3. Interprétation constitutionnelle, au cœur de l’office du juge constitutionnel dans l’exception d’inconstitutionnalité

La théorie du droit constitutionnel reconnaît unanimement la spécificité de la Constitution, en tant que norme juridique. La spécificité de la Constitution réside dans sa composition, qui se compose de principes dont le contenu prescriptif et la portée sont définis et précisés par l’interprétation du juge constitutionnel. L’interprétation constitutionnelle, dès lors, confère aux dispositions constitutionnelles leurs effets concrets et donne vie à la Constitution. Elle permet également d’assurer une cohérence au dispositif constitutionnel, garantissant ainsi la cohésion de l’ensemble de l’ordonnancement juridique. C’est en ce sens que se définit l’office du juge constitutionnel.

Le juge constitutionnel a le devoir d’interpréter systématiquement la Constitution dans diverses situations. Ces situations incluent notamment :
le contrôle obligatoire de la conformité des Lois organiques, des lois simples ou des ordonnances à la Constitution avant leur promulgation, conformément à l’article 117 de la Constitution ;

  • le contrôle de constitutionnalité de « tout texte à valeur législative ou réglementaire ainsi que toutes matières relevant de sa compétence », initié par un chef d’institution ou du quart des membres composant l’une des Assemblées parlementaires ou des organes des collectivités territoriales décentralisées ou le Haut Conseil pour la Défense de la Démocratie et de l’Etat de droit, comme stipulé dans l’article 118 alinéa 1er de la Constitution ;
  • le contrôle a posteriori basé sur une exception d’inconstitutionnalité, selon l’article 118 alinéas 2 et 3 de la Constitution) ;et
  • la « demande d’avis sur la constitutionnalité de tout projet d’acte ou sur l’interprétation d’une disposition de la Constitution », sollicitée par « tout chef d’Institution et tout organe des collectivités territoriales décentralisées », prévue par l’article 119 de la Constitution.

Dans chacun de ces contextes, la Haute Cour Constitutionnelle procède à une interprétation indifférenciée de la Constitution. Car, de façon générique l’interprétation est au cœur de la fonction de juger ;mais elle l’est davantage, en matière constitutionnelle, en raison de la nature de la norme constitutionnelle comme il est évoqué précédemment.
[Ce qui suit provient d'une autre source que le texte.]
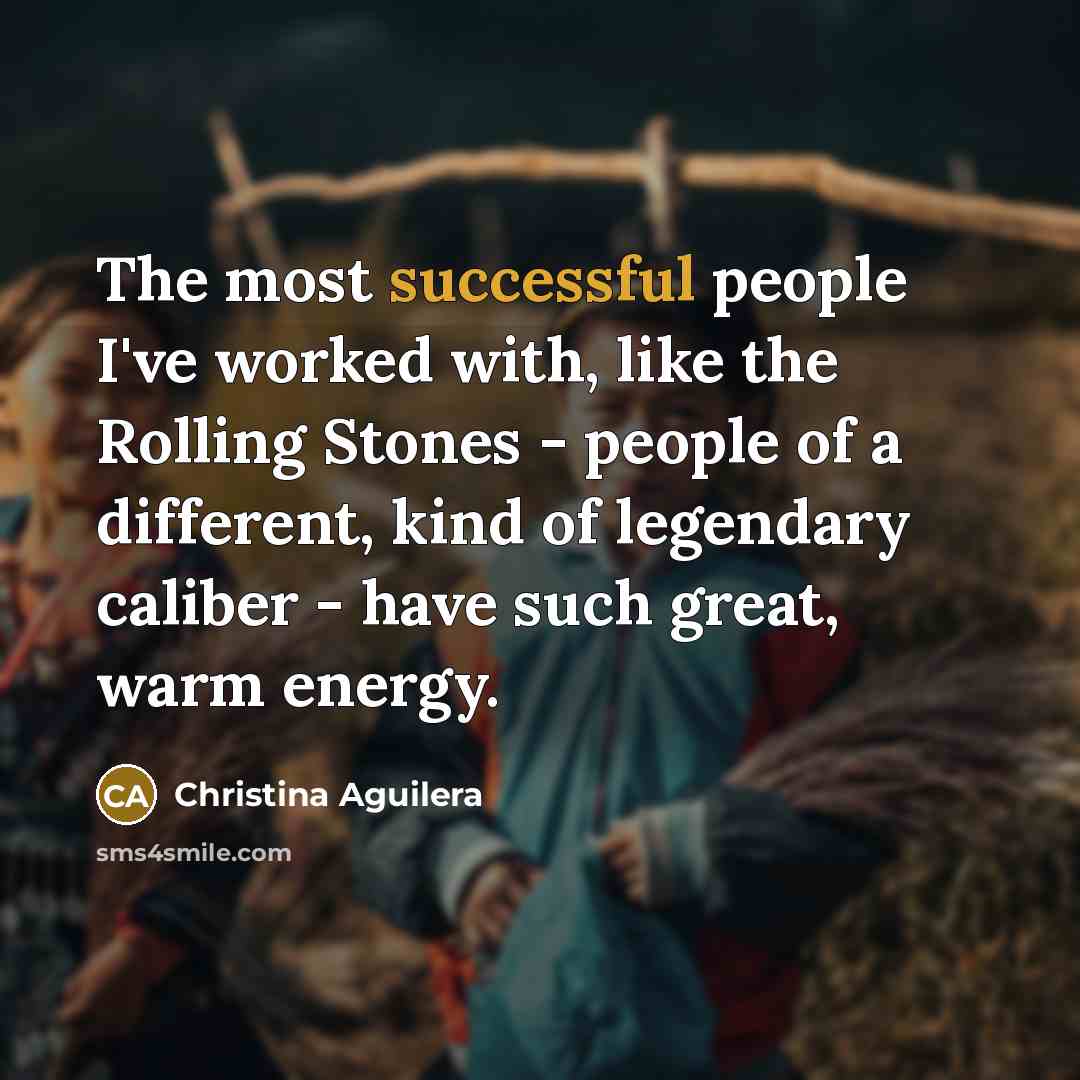 “The most successful people I've worked with, like the Rolling…” quote by Christina Aguilera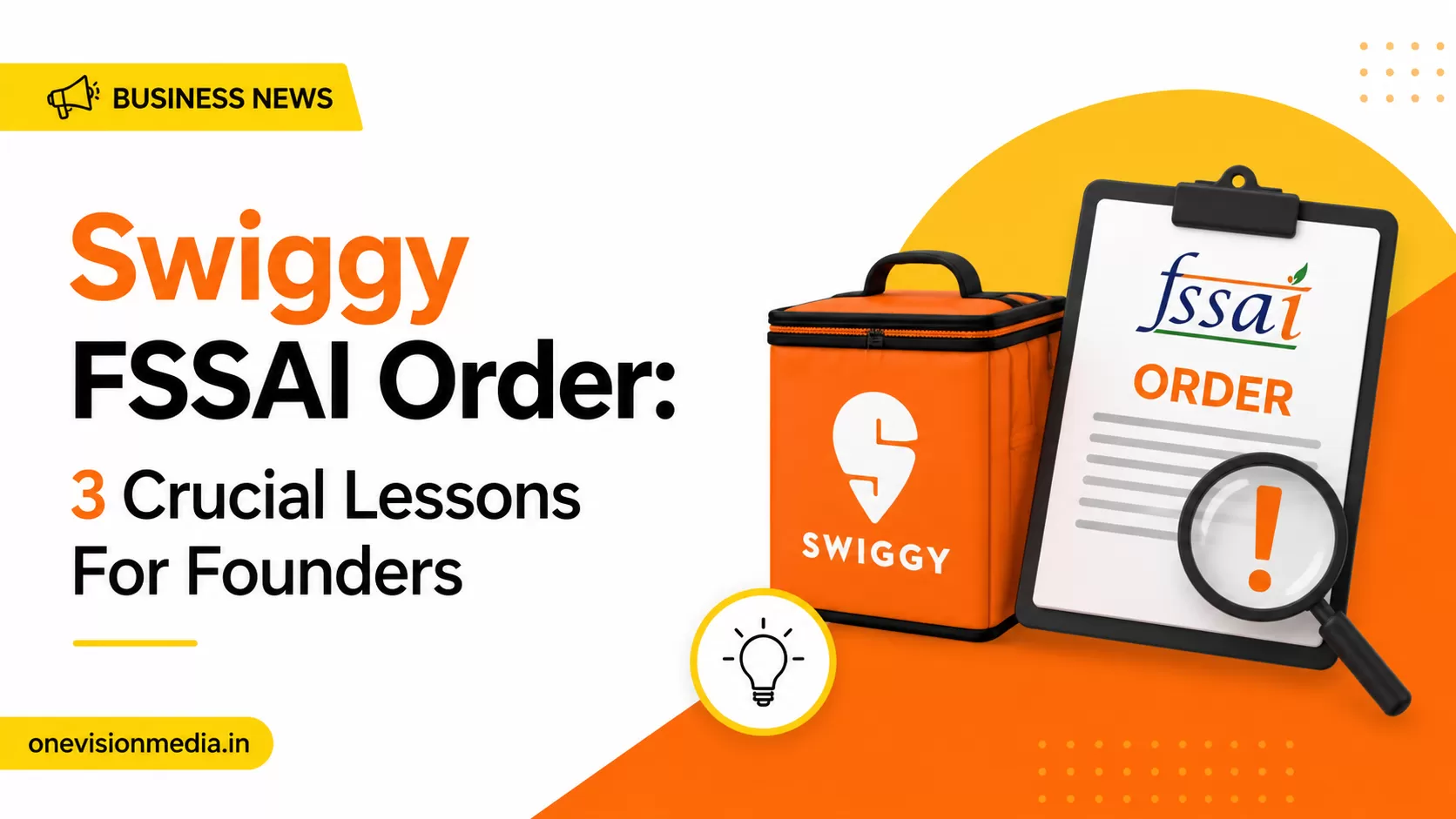 Swiggy FSSAI Order 3 Crucial Lessons For Founders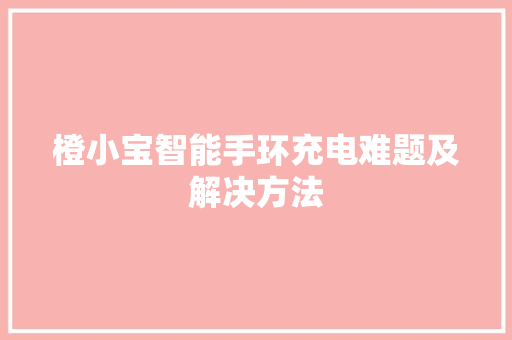 橙小宝智能手环充电难题及解决方法  第1张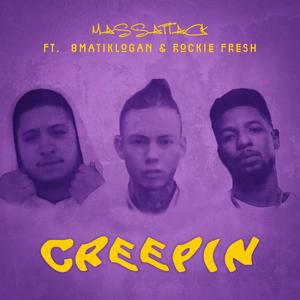 Creepin'(feat. 8MatikLogan & Rockie Fresh) (Explicit)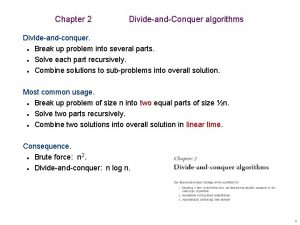 Chapter 2 DivideandConquer algorithms Divideandconquer Break up problem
L’interprétation est essentielle, tant pour comprendre la norme constitutionnelle que pour déterminer son application concrète.

En raison de l’importance de l’interprétation en matière constitutionnelle, l’affirmation par la Haute Cour Constitutionnelle selon laquelle la demande d’exception d’inconstitutionnalité peut être assimilée à une demande d’avis simplement parce qu’elle implique une interprétation constitutionnelle n’est pas pertinente. Cette approche apparaît comme une ruse argumentative, un prétexte et une fausse raison visant à contourner le vrai motif de sa décision ; ou comme une échappatoire pour éluder la question et répondre à côté. Bref, comme un procédé d’une argumentation d’autorité qui peine à dissimuler la faiblesse de l’argument.

En tout état de cause, il convient de souligner que l’assimilation de la demande d’exception d’inconstitutionnalité (article 118 al. 2 et 3 de la Constitution) à un avis d’interprétation constitutionnelle dans une procédure consultative (article 119 de la Constitution) n’est raisonnablement pas appropriée. Ces deux procédures de contrôle de conformité à la Constitution sont fondamentalement différentes. L’exception d’inconstitutionnalité ne peut avoir lieu, de manière incidente, qu’à l’occasion d’un procès devant une juridiction quel que soit son statut. Il s’agit d’un contrôle dit « concret », engagé dans un « cas concret » et des « litiges particuliers » où l’une des parties au procès soutient que l’une des normes dont dépend l’issue du litige pendant devant le juge de fond, porte atteinte à ses droits garantis par la Constitution. Elle réclame que ses droits constitutionnels soient appliqués dans la résolution du litige le concernant. Dans la situation concernée par la Décision n°01-HCC/D2 du 22 février 2024, le député Fetra Ralambozafimbololona conteste les conditions de son arrestation en invoquant le non-respect de l’immunité parlementaire, un droit garanti par la Constitution, dont il réclame le bénéfice. L’exception d’inconstitutionnalité qu’il soulève tend à prendre en considération ce droit constitutionnel dans l’appréciation de l’infraction pénale qui lui est reprochée et qui constituerait la base légale de son procès devant le tribunal correctionnel d’Antananarivo.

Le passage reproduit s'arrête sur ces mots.